The only factors predicting hearing preservation in large tumors identified in this study were the presence of preoperative tinnitus and headaches. Tinnitus is the subjective experience of ringing in the ear or head. Baguley et al30 investigated the clinical characteristics of tinnitus in patients with vestibular schwannoma and proposed the likely mechanism is brainstem compression. Tinnitus was associated with contralateral auditory brainstem response abnormalities that were independent of tumor size. Another proposed mechanism for tinnitus is deafferentation of cochlear inner hair cells.31 Tinnitus may be a useful clinical marker of brainstem compression, cochlear nerve damage, and hearing reserve. Patients with tinnitus have a lower chance of hearing preservation using a retrosigmoid approach for large vestibular schwannomas.
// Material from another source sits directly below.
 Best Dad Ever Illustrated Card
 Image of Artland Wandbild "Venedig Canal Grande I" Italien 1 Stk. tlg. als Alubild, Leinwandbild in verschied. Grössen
Postoperative facial weakness was predicted by larger extrameatal tumor size and dimensions and by a smaller width of the fourth ventricle, consistent with findings from previous studies.32 33 Postoperative facial nerve function depends on extracanalicular tumor size and dimensions, whereas auditory nerve function appears to be affected by intracanalicular size and dimensions. Interestingly, smoking was associated with early postoperative facial weakness; however, this effect was not sustained in follow-up. It nonetheless highlights the importance of vascular risk factors and comorbidities in nerve recovery following surgery.
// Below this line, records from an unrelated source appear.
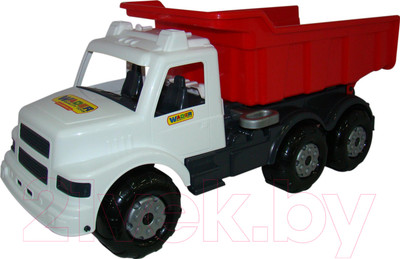 Самосвал игрушечный Полесье Буран №3 / 43672 (белый/красный)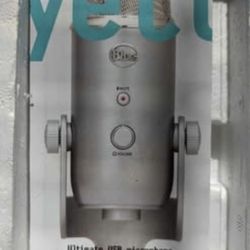 In Box only used twice - Yeti ultimate USB microphone for professional recording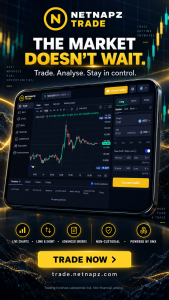 NetNapz Trade trading platform promotional graphic
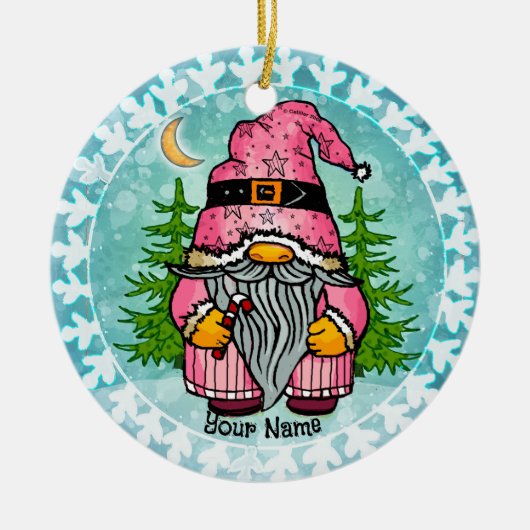 Kabouter Sinterklaas Keramisch Ornament (Voorkant)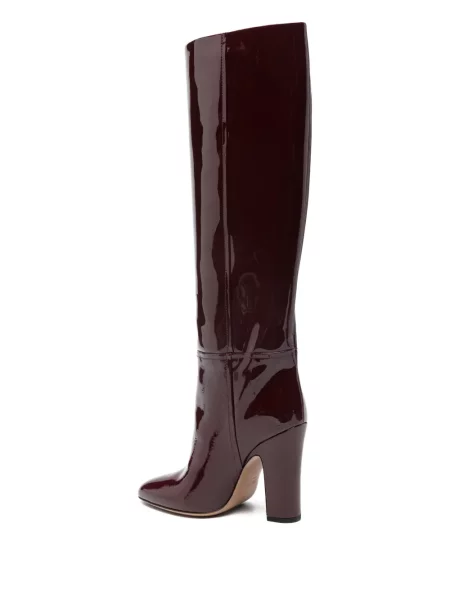 Botine Paris Texas cu toc bloc roșu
Anatomical or radiologic factors did not appear to be as significant for hearing preservation as can be demonstrated in facial nerve preservation. This is likely because the total number of patients with intact hearing preoperatively is still relatively small in this series, whereas the whole cohort is available for facial function evaluation. Previous studies have shown that an estimate of the length of tumor contact with the cochlear nerve and a larger proportion of tumor anterior to the IAC predicted hearing preservation.9 23 We were unable to replicate these findings potentially because of the small numbers in the series.
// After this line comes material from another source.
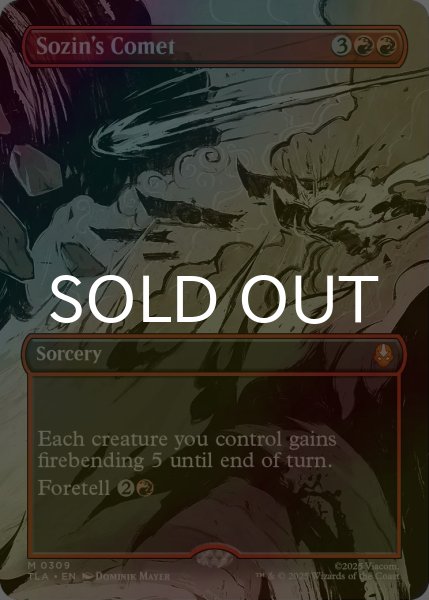画像1: [FOIL] ソジンの彗星/Sozin's Comet No.309 (全面アート版) 【英語版】 [TLA-赤MR] (1)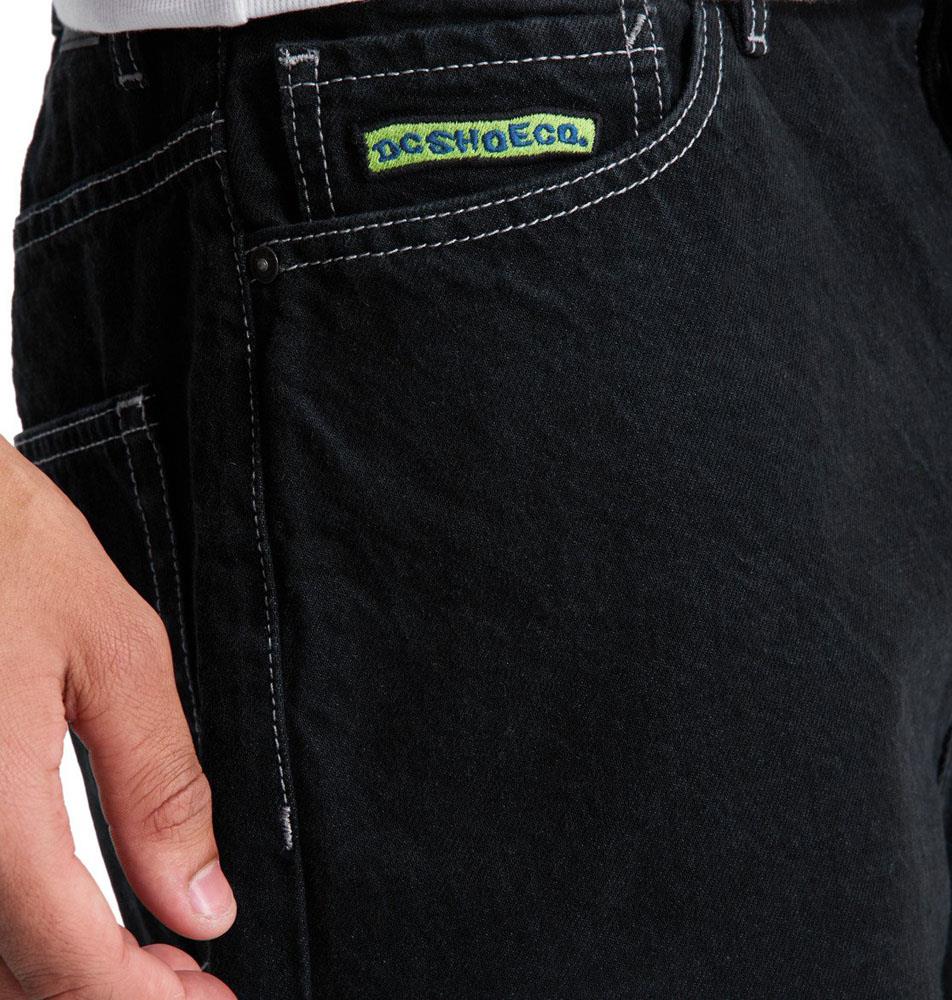 DC Shoe Co Baggy Denim Shorts Black Tint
An important limitation of this study is the retrospective nature of the data reviewed. Despite all the attempts to obtain a complete data set, some data were missing. Nonetheless, the study investigated a large group of patients with larger tumors. The patients investigated in this study had audiograms performed in many different audiology centers that used variable stimulus intensities for determining the speech discrimination score. Previous studies of hearing preservation in vestibular schwannomas using variable methodologies for defining hearing function complicates comparison with other studies. We used a clinically pragmatic method for determining hearing function by defining hearing as serviceable or nonserviceable based on the American Academy of Otolaryngology-Head and Neck Surgery Foundation.

Conclusion

Hearing preservation in larger vestibular schwannomas is possible and worthwhile attempting. Systemic comorbidities may influence hearing loss preoperatively in patients with large vestibular schwannomas. Tinnitus may be an indicator of hearing reserve and potential for hearing preservation. The total number of patients available for attempted hearing preservation in larger tumors is relatively small, and those who are able to enjoy preserved hearing postoperatively are few even in a moderate-volume institution. This poses a challenge in making generalizable comments about the population of patients with large tumors that have intact preoperative hearing. In this study, preoperative radiographic features were not found to predict hearing preservation despite some features being associated with postoperative facial weakness.